§ Requirement
Could you repeat exactly the lines below, from the line containing "semi-automatic biochemistry analyzer" through the last one, both included, while leaving out any pictures?

§ Recorded information
+ + +

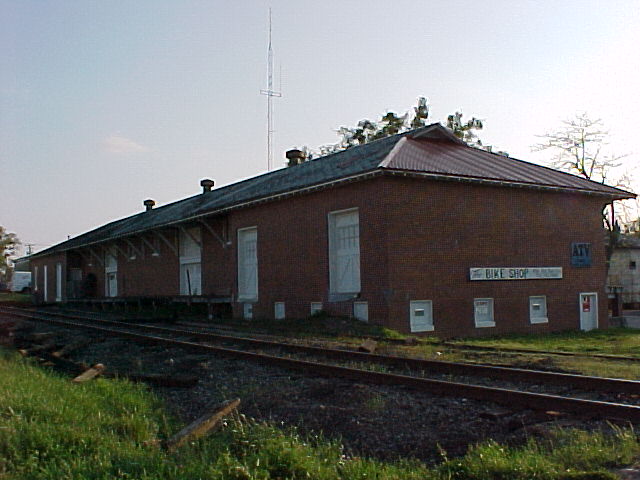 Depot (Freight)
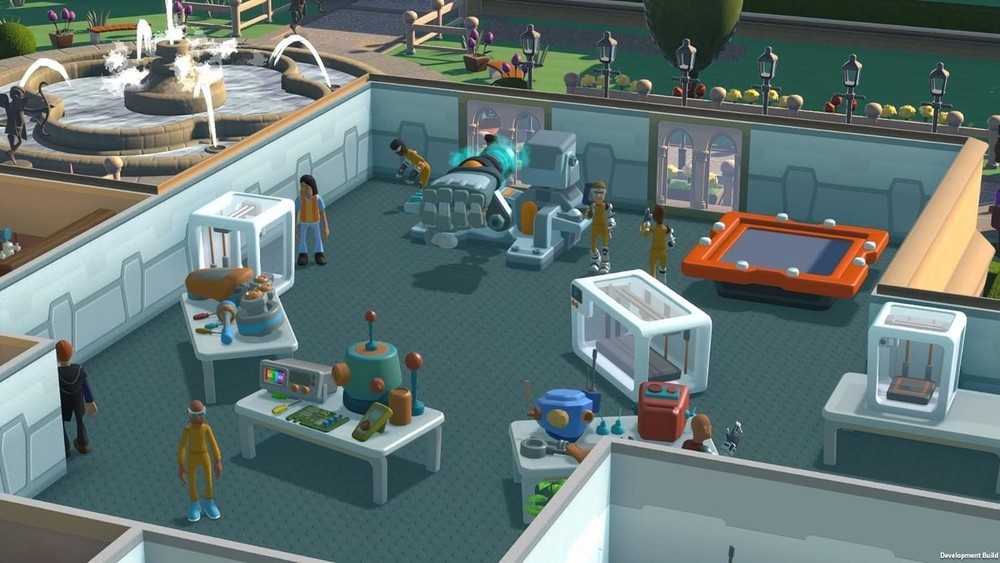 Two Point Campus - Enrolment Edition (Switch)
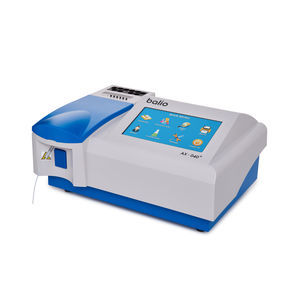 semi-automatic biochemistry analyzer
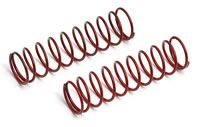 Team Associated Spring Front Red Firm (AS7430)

+ + +

§ Written response
 semi-automatic biochemistry analyzer
 Team Associated Spring Front Red Firm (AS7430)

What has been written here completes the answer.